JOIN not being calculated correctly

Lists: pgsql-sql
From: "Scott Pederick" <scott(at)pederick(dot)com>
To: <pgsql-sql(at)postgresql(dot)org>
Subject: JOIN not being calculated correctly
Date: 2004-10-27 11:02:35
Message-ID: 001e01c4bc14$78cbda90$1d7af0dc@boblaptop
Views: Raw Message | Whole Thread | Download mbox | Resend email
Lists: pgsql-sql

Hi all!

I'm having a problem with Postgresql 8.0.0-beta4 on a Win2K machine and a
particular join.

I've got two tables - a list of customers and jobs they've had. A customer
can have multiple jobs.

The query always scans the entire jobs table for each customer - I need it
the other way around so I can get a list of the customers who have at least
one job.

The EXPLAIN shows the jobs table is being scanned for some reason:

Quarry=# EXPLAIN SELECT Customers.CustomerId, Jobs.JobId FROM Customers
INNER JOIN Jobs USING (CustomerId);
QUERY PLAN
-------------------------------------------------------------------------
Hash Join (cost=78.54..4908.71 rows=70727 width=8)
Hash Cond: ("outer".customerid = "inner".customerid)
-> Seq Scan on jobs (cost=0.00..3769.27 rows=70727 width=8)
-> Hash (cost=76.03..76.03 rows=1003 width=4)
-> Seq Scan on customers (cost=0.00..76.03 rows=1003 width=4)
(5 rows)

Even if I reverse the JOIN I get the exact same result:

Quarry=# EXPLAIN SELECT Customers.CustomerId, Jobs.JobId FROM Jobs INNER
JOIN Customers USING (CustomerId);
QUERY PLAN
-------------------------------------------------------------------------
Hash Join (cost=78.54..4908.71 rows=70727 width=8)
Hash Cond: ("outer".customerid = "inner".customerid)
-> Seq Scan on jobs (cost=0.00..3769.27 rows=70727 width=8)
-> Hash (cost=76.03..76.03 rows=1003 width=4)
-> Seq Scan on customers (cost=0.00..76.03 rows=1003 width=4)
(5 rows)

How can I force it to operate as I need it to? It seems the query engine is
a little smarter than it needs to be.

If anyone can shed some light on this problem, it would be greatly
appreciated. I've taken it as far as I can and don't really know where to
move from here.

Thanks in advance,

Scott Pederick


From: Andrew Hammond <ahammond(at)ca(dot)afilias(dot)info>
To: Scott Pederick <scott(at)pederick(dot)com>
Cc: pgsql-sql(at)postgresql(dot)org
Subject: Re: JOIN not being calculated correctly
Date: 2004-11-02 18:46:41
Message-ID: 4187D611.2000109@ca.afilias.info
Views: Raw Message | Whole Thread | Download mbox | Resend email
Lists: pgsql-sql

-----BEGIN PGP SIGNED MESSAGE-----
Hash: SHA1

Posting the EXPLAIN is a good, an EXPLAIN ANALYZE would be better
(assuming your dataset is small enough for it to complete in this
lifetime). You also need to include the following information:

1) The schema involved, including information about indexes being used.

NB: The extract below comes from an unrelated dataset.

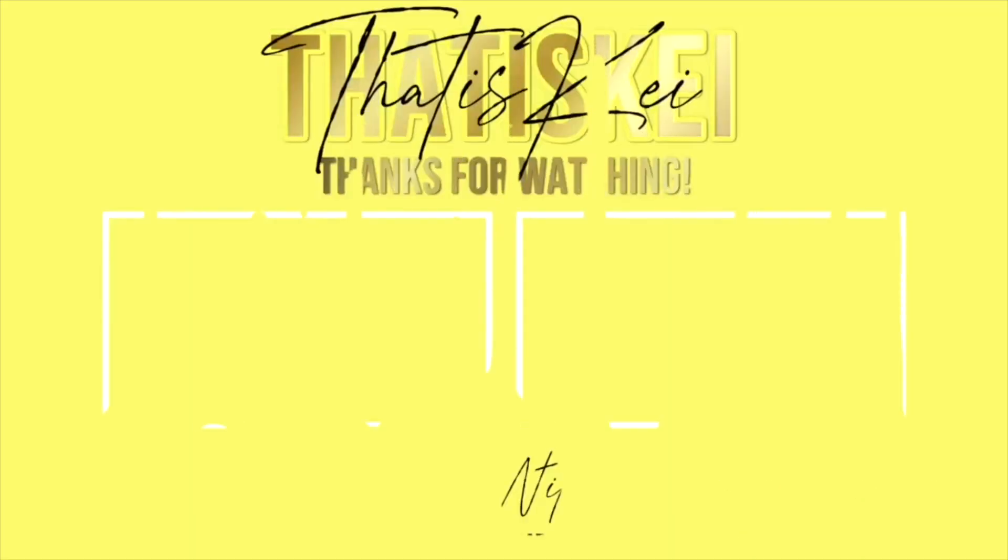That is it, that is all. Stay blessed, and I will see you guys very shortly in my next video. Bye!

2) Have you vacuumed / analyzed the tables involved recently?

3) Have you modified the stats on any of the tables / columns involve or
are you using defaults?

Drew

Scott Pederick wrote:
| Hi all!
|
| I'm having a problem with Postgresql 8.0.0-beta4 on a Win2K machine and a
| particular join.
|
| I've got two tables - a list of customers and jobs they've had. A customer
| can have multiple jobs.
|
| The query always scans the entire jobs table for each customer - I need it
| the other way around so I can get a list of the customers who have at
least
| one job.
|
| The EXPLAIN shows the jobs table is being scanned for some reason:
|
| Quarry=# EXPLAIN SELECT Customers.CustomerId, Jobs.JobId FROM Customers
| INNER JOIN Jobs USING (CustomerId);
| QUERY PLAN
| -------------------------------------------------------------------------
| Hash Join (cost=78.54..4908.71 rows=70727 width=8)
| Hash Cond: ("outer".customerid = "inner".customerid)
| -> Seq Scan on jobs (cost=0.00..3769.27 rows=70727 width=8)
| -> Hash (cost=76.03..76.03 rows=1003 width=4)
| -> Seq Scan on customers (cost=0.00..76.03 rows=1003 width=4)
| (5 rows)
|
|
|
| Even if I reverse the JOIN I get the exact same result:
|
| Quarry=# EXPLAIN SELECT Customers.CustomerId, Jobs.JobId FROM Jobs INNER
| JOIN Customers USING (CustomerId);
| QUERY PLAN
| -------------------------------------------------------------------------
| Hash Join (cost=78.54..4908.71 rows=70727 width=8)
| Hash Cond: ("outer".customerid = "inner".customerid)
| -> Seq Scan on jobs (cost=0.00..3769.27 rows=70727 width=8)
| -> Hash (cost=76.03..76.03 rows=1003 width=4)
| -> Seq Scan on customers (cost=0.00..76.03 rows=1003 width=4)
| (5 rows)
|
|
| How can I force it to operate as I need it to? It seems the query
engine is
| a little smarter than it needs to be.
|
| If anyone can shed some light on this problem, it would be greatly
| appreciated. I've taken it as far as I can and don't really know where to
| move from here.

- --
Andrew Hammond 416-673-4138 ahammond(at)ca(dot)afilias(dot)info
Database Administrator, Afilias Canada Corp.
CB83 2838 4B67 D40F D086 3568 81FC E7E5 27AF 4A9A
-----BEGIN PGP SIGNATURE-----
Version: GnuPG v1.2.5 (GNU/Linux)

iD8DBQFBh9YQgfzn5SevSpoRAg0LAKCg5K7IccFIOvdTc8DEl2YaUMcUCgCfRt2Q
CI1Vo6yxHkrWcoTQMQ/EvOw=
=m15B
-----END PGP SIGNATURE-----


From: "Scott Pederick" <sql(dot)postgresql(dot)org(at)pederick(dot)com>
To: <pgsql-sql(at)postgresql(dot)org>
Subject: Re: JOIN not being calculated correctly
Date: 2004-11-20 21:37:54
Message-ID: 000501c4cf49$31c346e0$e1f9f4dc@boblaptop
Views: Raw Message | Whole Thread | Download mbox | Resend email
Lists: pgsql-sql

Hi Andrew,

Thanks for your response - sorry it's taken so long to reply, I've been out
of contact for a while.

Still can't fathom why it's not using an index scan on the jobs table..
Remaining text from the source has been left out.